/---

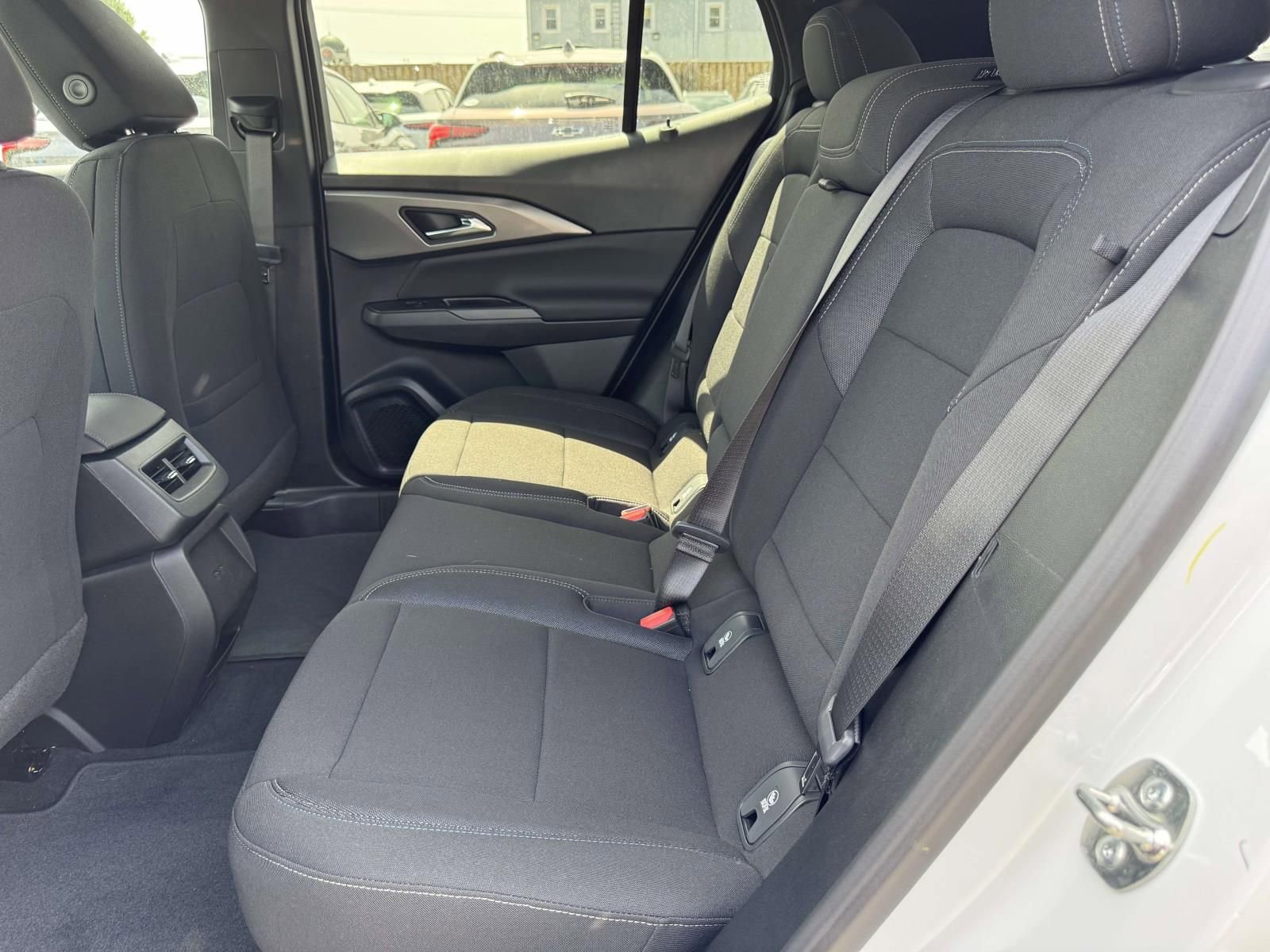 New 2026 Chevrolet Equinox EV LT image 24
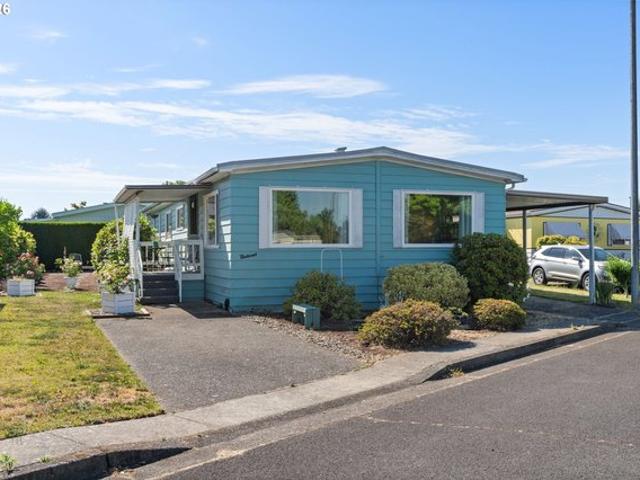 House for sale in Oregonia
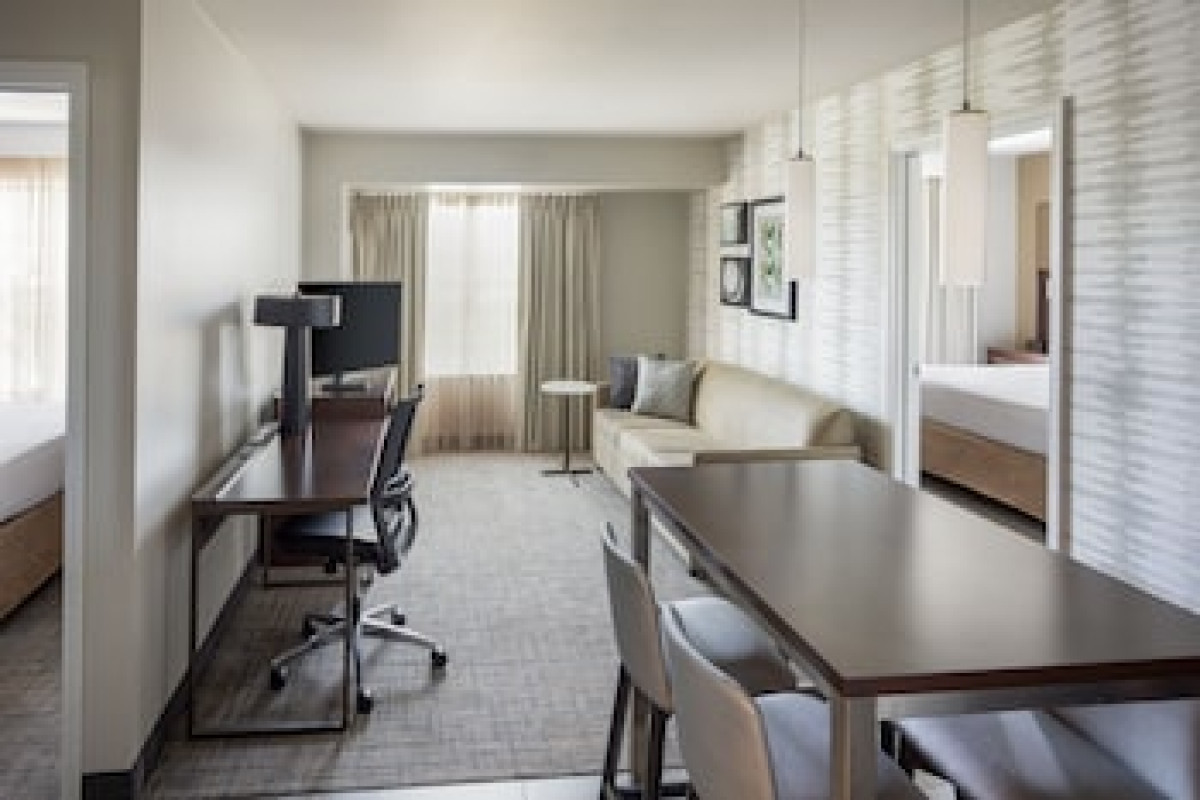 RESIDENCE INN BY MARRIOTT KANSAS CITY AT THE LEGENDS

\---

*WORK ITEM:*
Retype the listing exactly. Pictures do not belong in the copy.

*OUTPUT:*
 New 2026 Chevrolet Equinox EV LT image 24
 House for sale in Oregonia
 RESIDENCE INN BY MARRIOTT KANSAS CITY AT THE LEGENDS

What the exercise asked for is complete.